*Exercise inputs*.

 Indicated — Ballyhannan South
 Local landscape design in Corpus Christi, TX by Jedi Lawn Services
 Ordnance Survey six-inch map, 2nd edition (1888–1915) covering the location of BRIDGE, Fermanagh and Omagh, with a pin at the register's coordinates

--

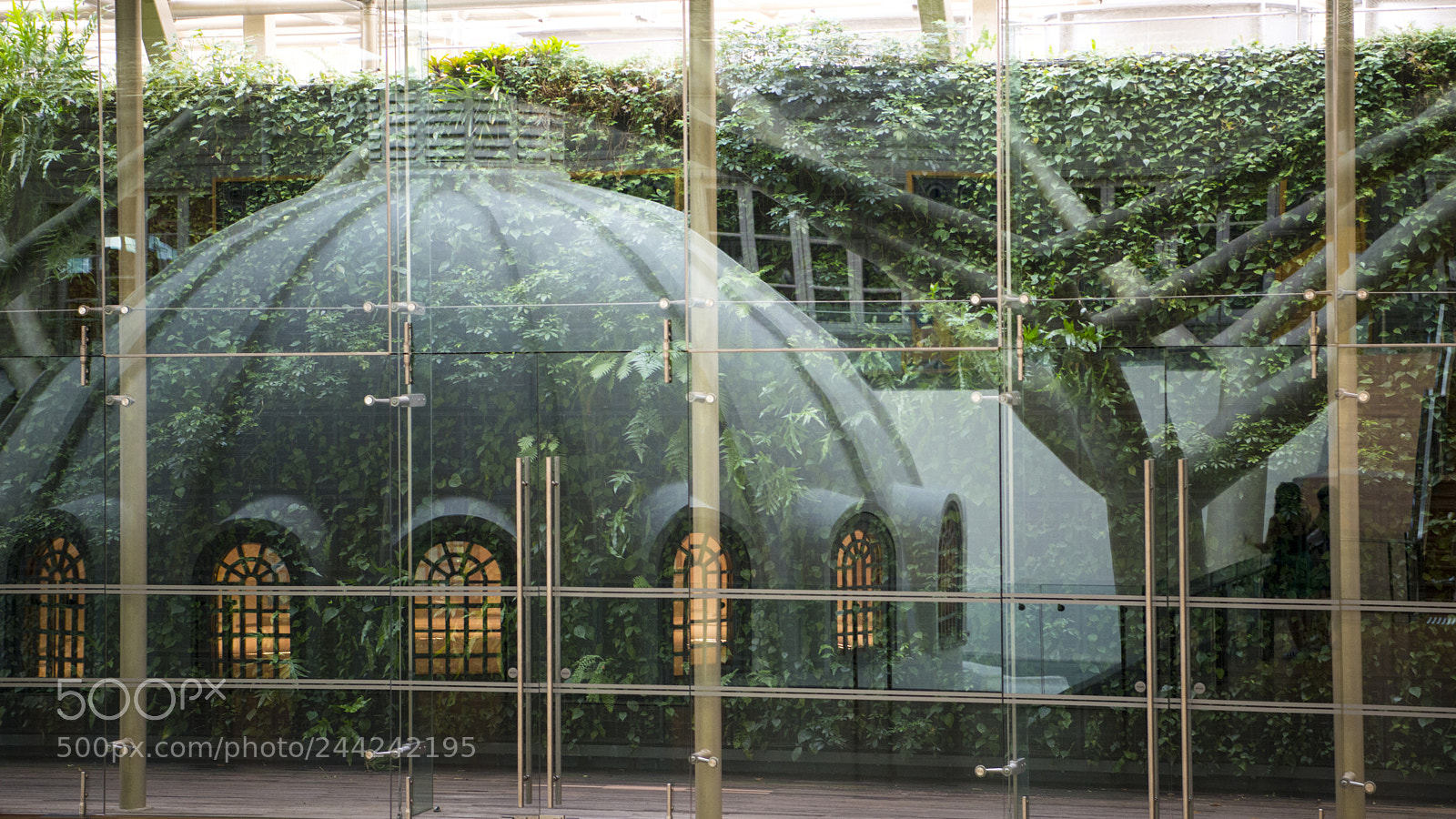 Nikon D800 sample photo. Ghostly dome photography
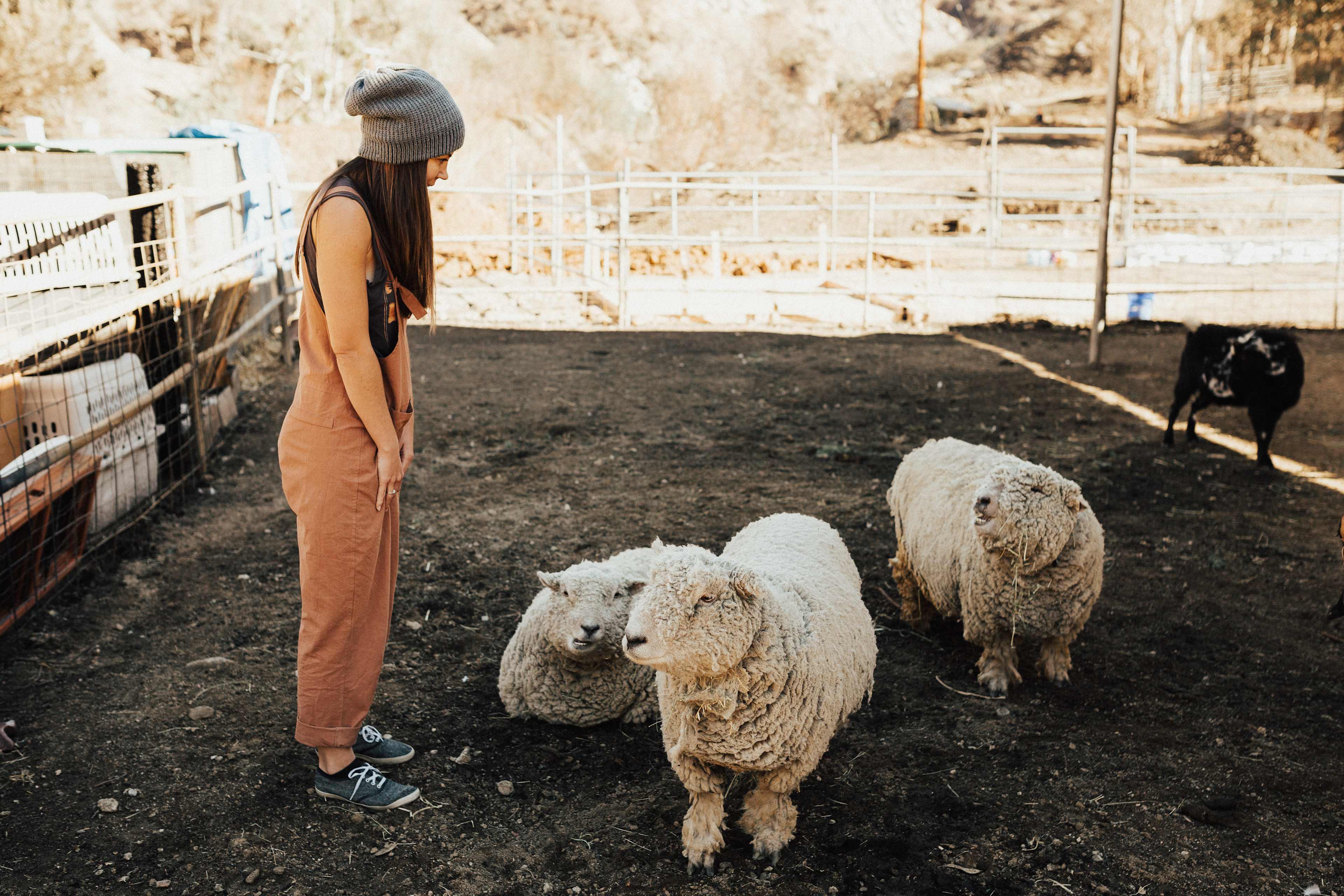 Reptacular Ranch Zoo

*Work order*.
Could you repeat exactly the lines above from the line with "Indicated — Ballyhannan South" up to and including the line with "Ordnance Survey six-inch", and only those?

*Reply to the task*.
 Indicated — Ballyhannan South
 Local landscape design in Corpus Christi, TX by Jedi Lawn Services
 Ordnance Survey six-inch map, 2nd edition (1888–1915) covering the location of BRIDGE, Fermanagh and Omagh, with a pin at the register's coordinates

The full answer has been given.